Robert E Lee was a “genius” who could have led America to victory in Afghanistan, Donald Trump has said, decrying the decision by Virginia to remove the “magnificent” statue of the Confederate general.

“Just watched as a massive crane took down the magnificent and very famous statue of ‘Robert E Lee On His Horse’ in Richmond, Virginia. It has long been recognised as a beautiful piece of bronze sculpture,” said a lengthy statement issued by Mr Trump on Wednesday.

“To add insult to injury, those who support this ‘taking’ now plan to cut it into three pieces, and throw this work of art into storage prior to its complete desecration,” he added.

The removal of Lee’s statue from Richmond, Virginia, marked a watershed moment in the latest push to remove the statues of slaveholders and Confederate figures from public view, following a summer of racial justice protests in 2020 and a wave of statue removals across the US.

The capital city’s streets, best known for its icons of white power, no longer feature any.

The statue of general Robert E Lee, the largest confederate statue remaining in the US, was removed by a construction team in Richmond, Virginia, US on 8 September 2021 (Reuters)

Mr Trump in his statement, however, dubbed Lee as the “greatest strategist of them all.”

“President Lincoln wanted him to command the North, in which case the war would have been over in one day. Robert E Lee instead chose the other side because of his great love of Virginia, and except for Gettysburg, would have won the war,” he said.

“He should be remembered as perhaps the greatest unifying force after the war was over, ardent in his resolve to bring the North and South together through many means of reconciliation and imploring his soldiers to do their duty in becoming good citizens of this country.”
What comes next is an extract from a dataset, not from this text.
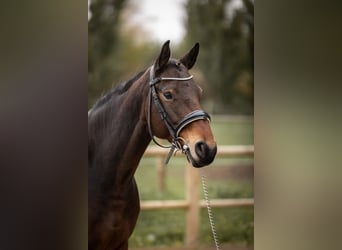 Caballo de deporte belga, Yegua, 7 años, 161 cm, Castaño oscuro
The former president also added: “Our culture is being destroyed and our history and heritage, both good and bad, are being extinguished by the Radical Left, and we can’t let that happen!”

Virginia’s governor Ralph Northam had announced plans to remove the statue, which was the largest, still-standing Confederate statue in the country, on 4 June 2020.
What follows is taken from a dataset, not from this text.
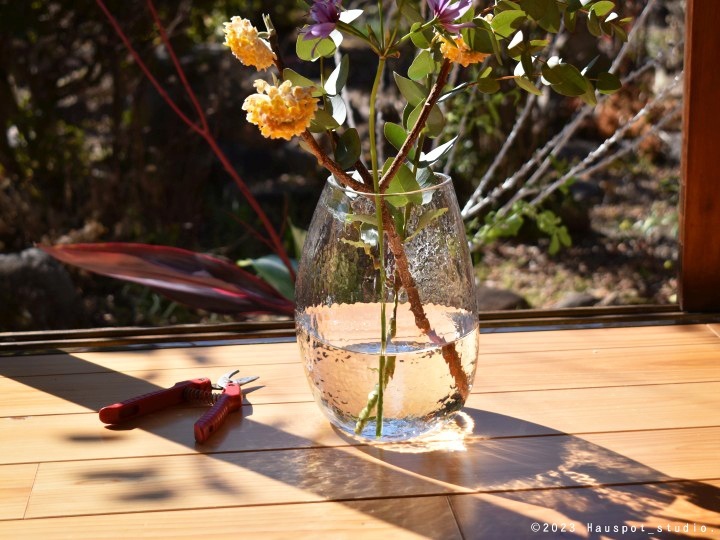 �ե��١��� ��ʪ ���饹 ������� �� ���ꥢ��L����������14.5cm�ݡ߹⤵20.0cm �å֥롼�����ꥢ�ò��� ���顼 �ǥ����� ����5101��Mare(�ޡ���)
The state’s Supreme Court sided with the decision after it was challenged in court, paving the way for construction crews in cherry-pickers to lift the statue from its pedestal.
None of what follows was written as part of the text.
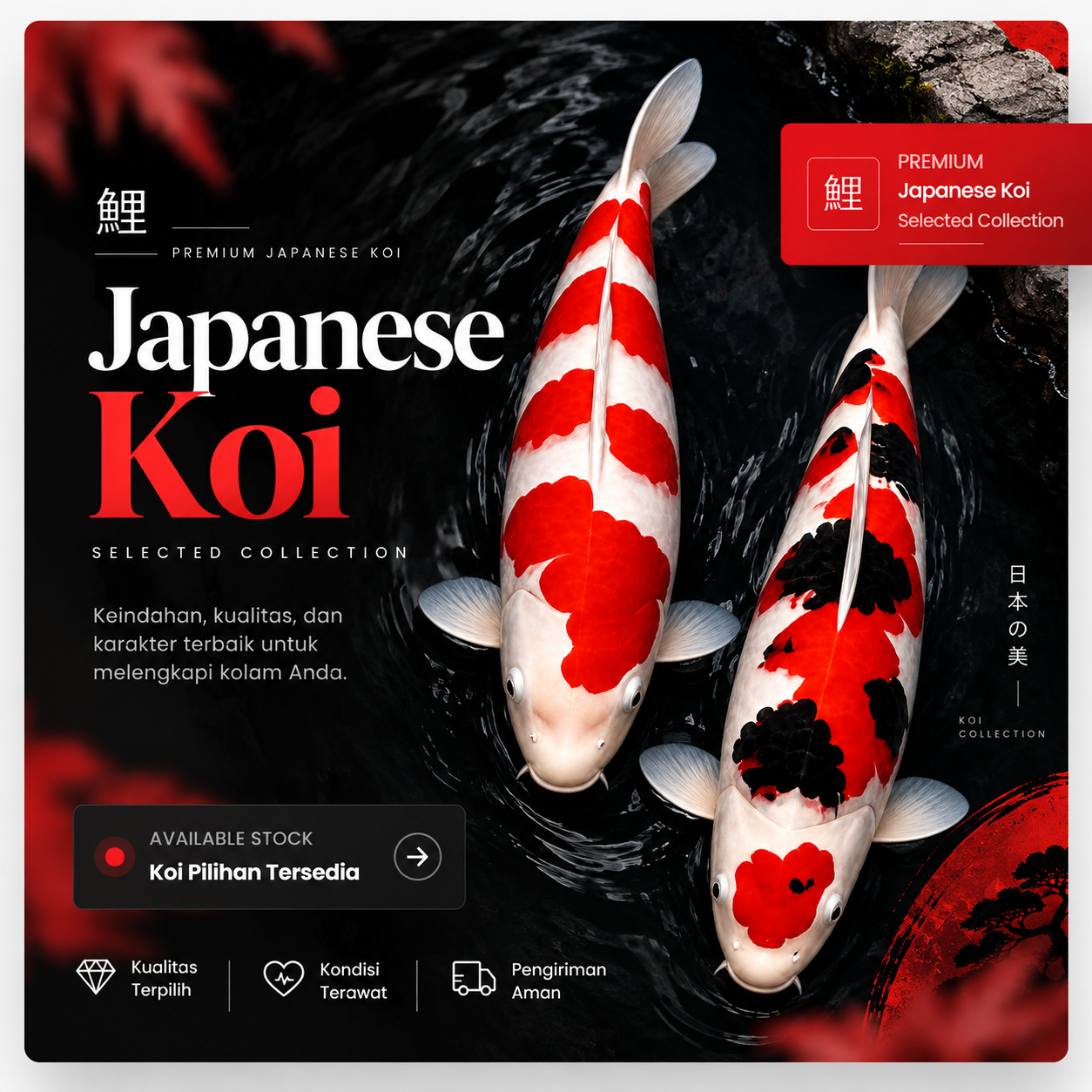 Ikan Koi Premium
Mr Northam, who was among the crowd of people watching the statue come down, welcomed the move and said the “public monuments reflect the story we choose to tell about who we are as a people”.

“It is time to display history as history, and use the public memorials to honour the full and inclusive truth of who we are today and in the future,” he said.

In his statement, Mr Trump also pivoted to the US’s disastrous exist from Afghanistan and claimed that if Lee held command, the Afghan war would have ended sooner and differently.

“If only we had Robert E Lee to command our troops in Afghanistan, that disaster would have ended in a complete and total victory many years ago. What an embarrassment we are suffering because we don’t have the genius of a Robert E Lee!”

This is not the first time that Mr Trump has lavished praises on Lee, who was known to have kept Black people as slaves, according to many historians, including John Reeves who wrote a book on him.

Earlier in 2019, Mr Trump, who was the president at the time, had called Lee, a “great general”.

“Whether you like it or not, he was one of the great generals. I have spoken to many generals here, right at the White House, and many people thought – of the generals, they think that he was maybe their favorite general,” Mr Trump had said of the Confederate military leader.

He made these remarks while trying to defend a statement he made in 2017 terming white nationalist violence in Charlottesville as “people that were very fine people on both sides.”

Earlier this summer, another Lee statue in Charlottesville, the centre of the infamous 2017 “Unite the Right”white supremacist and neo-Nazi rally, was also removed.